What to produce: Transcribe each of the records below exactly, excluding all pictures.

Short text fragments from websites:
────────────────────────────────────────
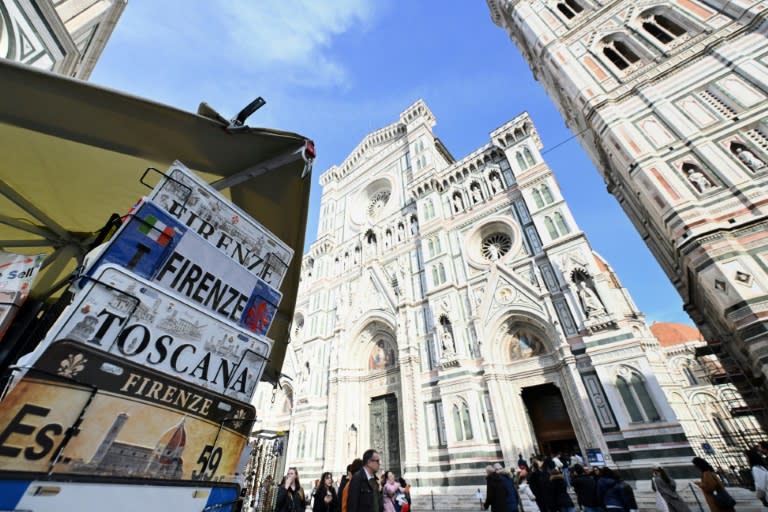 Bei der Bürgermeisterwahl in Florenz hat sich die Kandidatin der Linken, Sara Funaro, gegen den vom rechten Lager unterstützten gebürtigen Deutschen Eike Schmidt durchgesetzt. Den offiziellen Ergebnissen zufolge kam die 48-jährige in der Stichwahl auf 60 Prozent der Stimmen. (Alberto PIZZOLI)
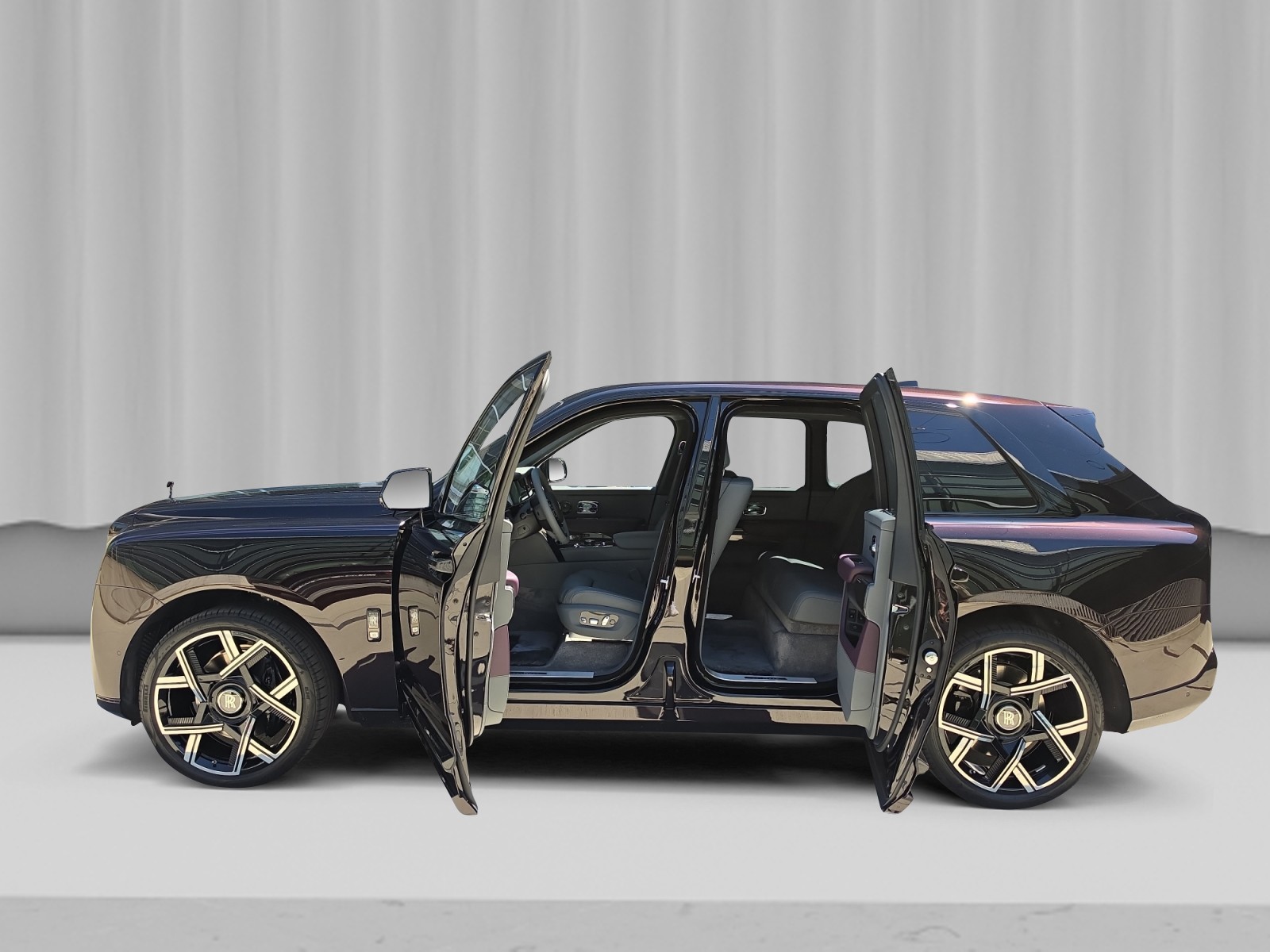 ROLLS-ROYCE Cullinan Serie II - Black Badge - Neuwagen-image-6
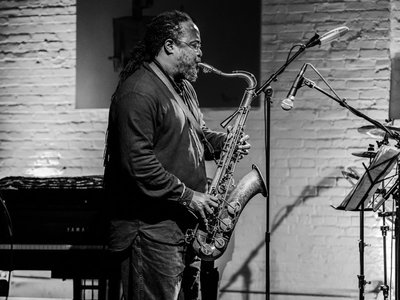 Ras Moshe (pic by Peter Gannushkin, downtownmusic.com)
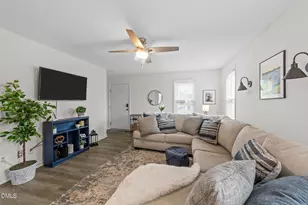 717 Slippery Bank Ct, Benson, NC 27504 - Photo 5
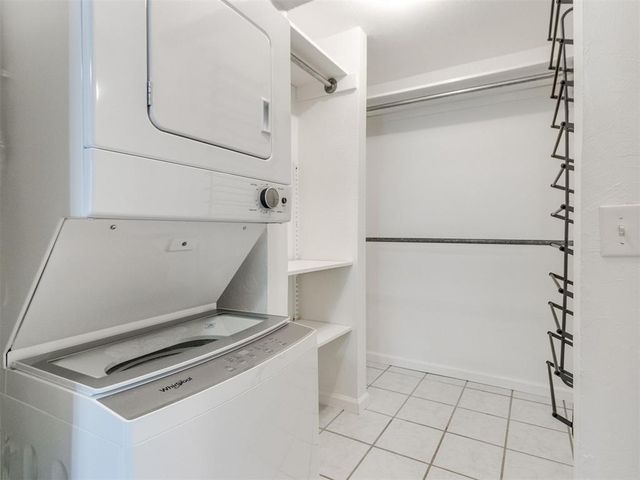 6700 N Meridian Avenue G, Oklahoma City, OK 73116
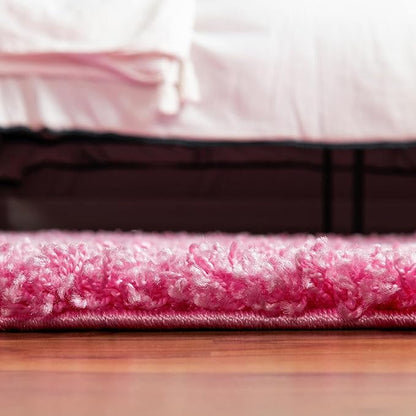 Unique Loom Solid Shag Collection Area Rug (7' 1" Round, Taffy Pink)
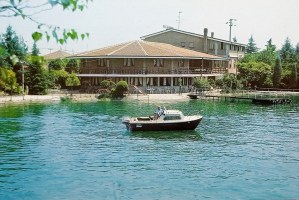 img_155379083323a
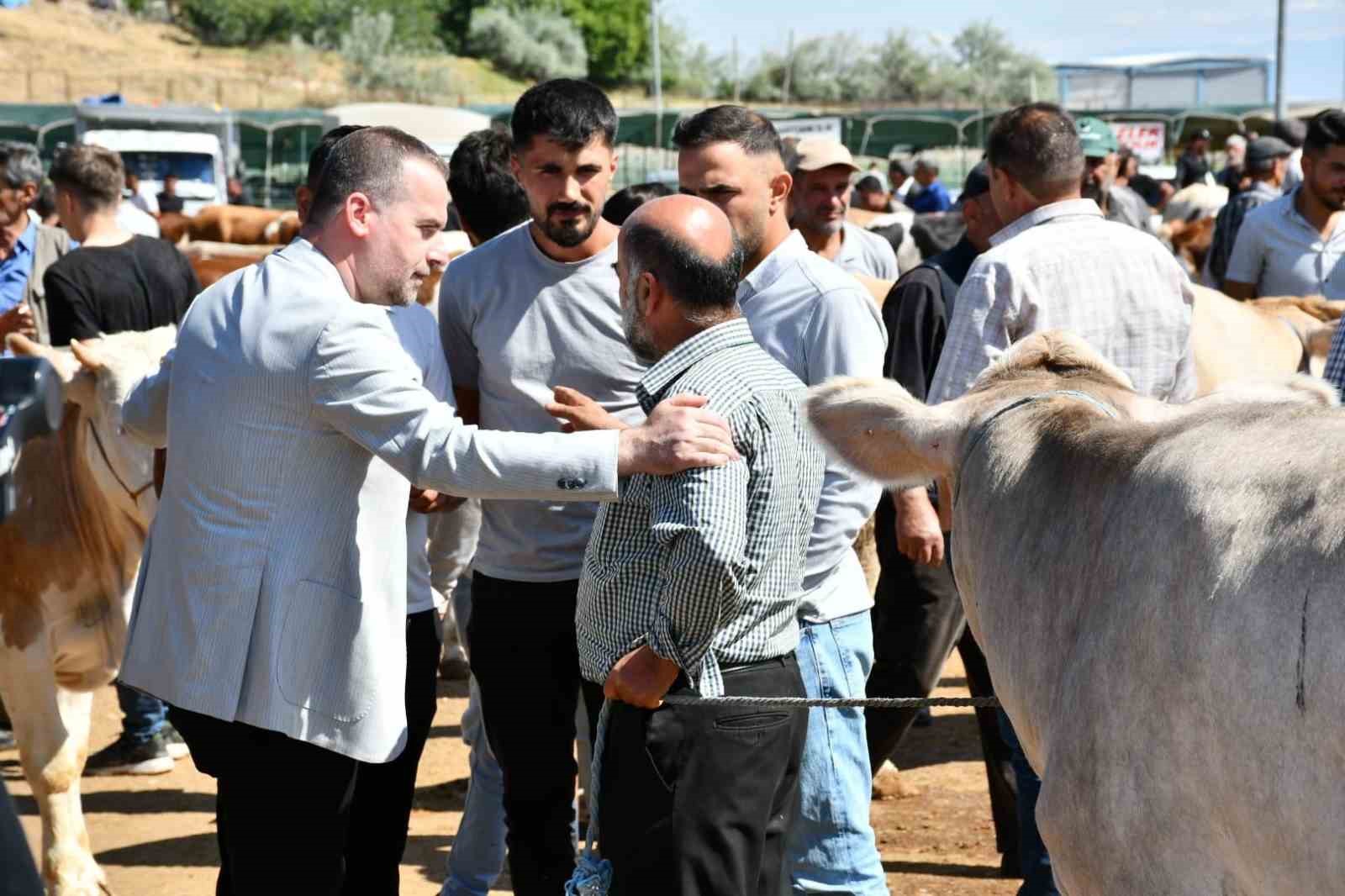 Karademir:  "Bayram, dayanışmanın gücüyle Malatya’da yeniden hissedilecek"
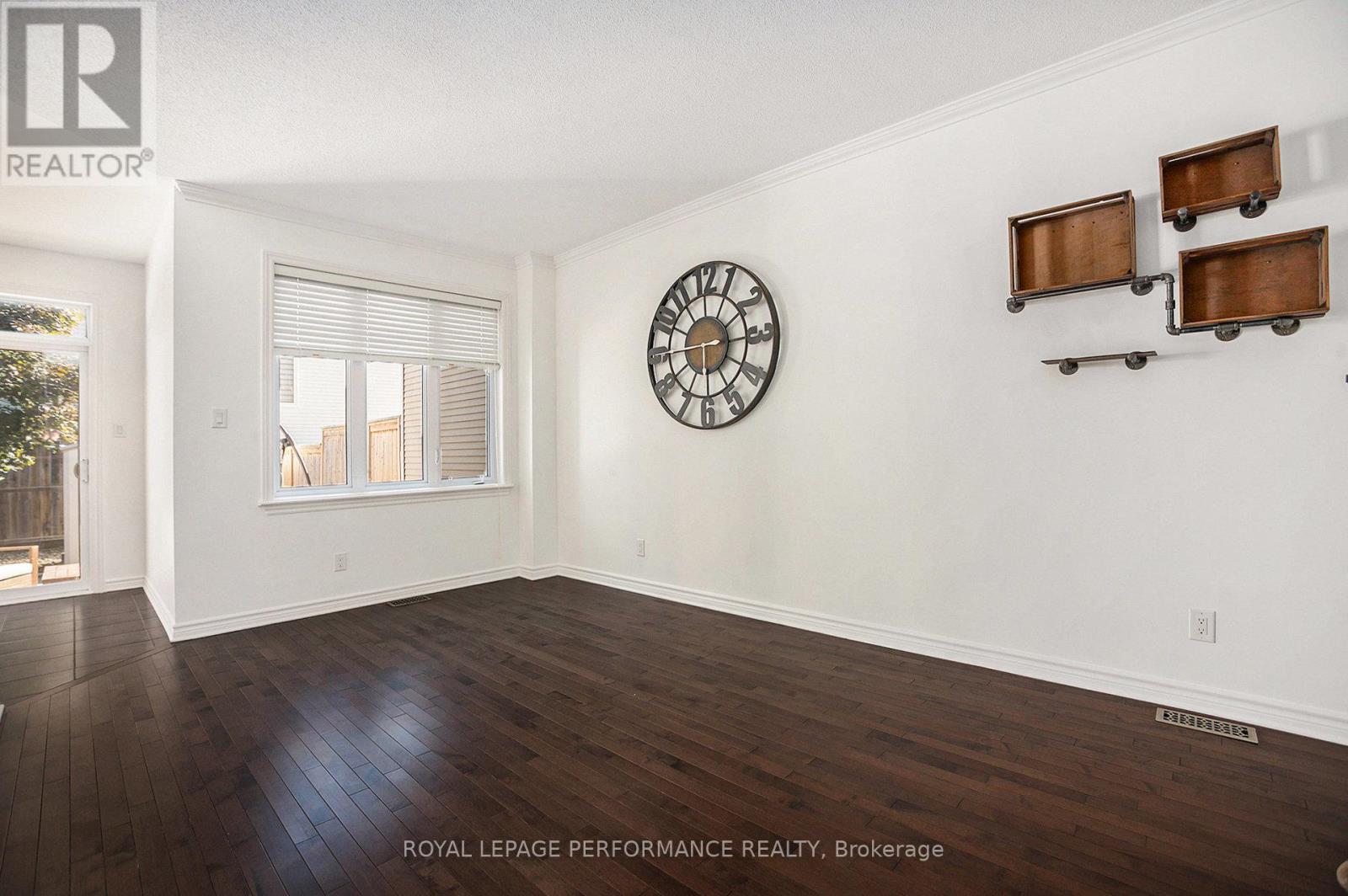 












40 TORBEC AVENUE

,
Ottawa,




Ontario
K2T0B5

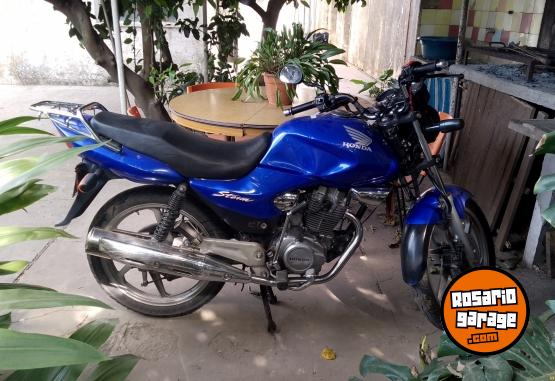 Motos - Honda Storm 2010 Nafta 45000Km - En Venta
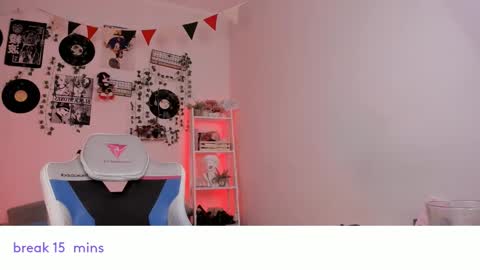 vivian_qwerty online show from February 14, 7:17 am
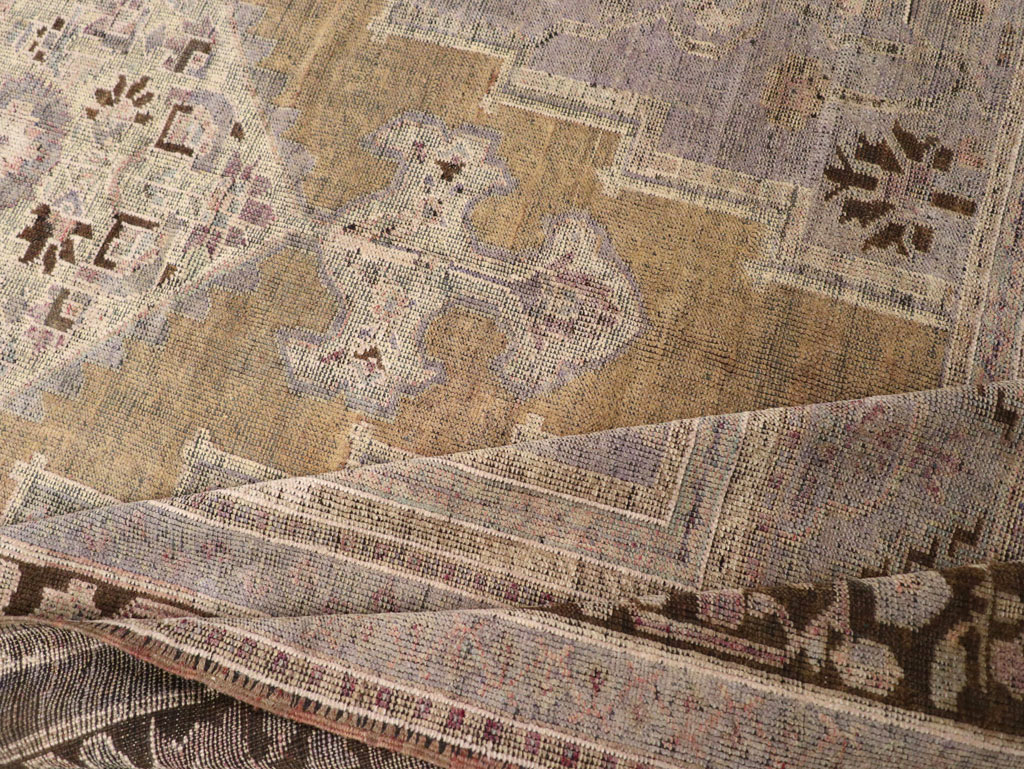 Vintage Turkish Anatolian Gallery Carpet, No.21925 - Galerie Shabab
────────────────────────────────────────
Answer box:
 Bei der Bürgermeisterwahl in Florenz hat sich die Kandidatin der Linken, Sara Funaro, gegen den vom rechten Lager unterstützten gebürtigen Deutschen Eike Schmidt durchgesetzt. Den offiziellen Ergebnissen zufolge kam die 48-jährige in der Stichwahl auf 60 Prozent der Stimmen. (Alberto PIZZOLI)
 ROLLS-ROYCE Cullinan Serie II - Black Badge - Neuwagen-image-6
 Ras Moshe (pic by Peter Gannushkin, downtownmusic.com)
 717 Slippery Bank Ct, Benson, NC 27504 - Photo 5
 6700 N Meridian Avenue G, Oklahoma City, OK 73116
 Unique Loom Solid Shag Collection Area Rug (7' 1" Round, Taffy Pink)
 img_155379083323a
 Karademir:  "Bayram, dayanışmanın gücüyle Malatya’da yeniden hissedilecek"












40 TORBEC AVENUE

,
Ottawa,




Ontario
K2T0B5

 Motos - Honda Storm 2010 Nafta 45000Km - En Venta
 vivian_qwerty online show from February 14, 7:17 am
 Vintage Turkish Anatolian Gallery Carpet, No.21925 - Galerie Shabab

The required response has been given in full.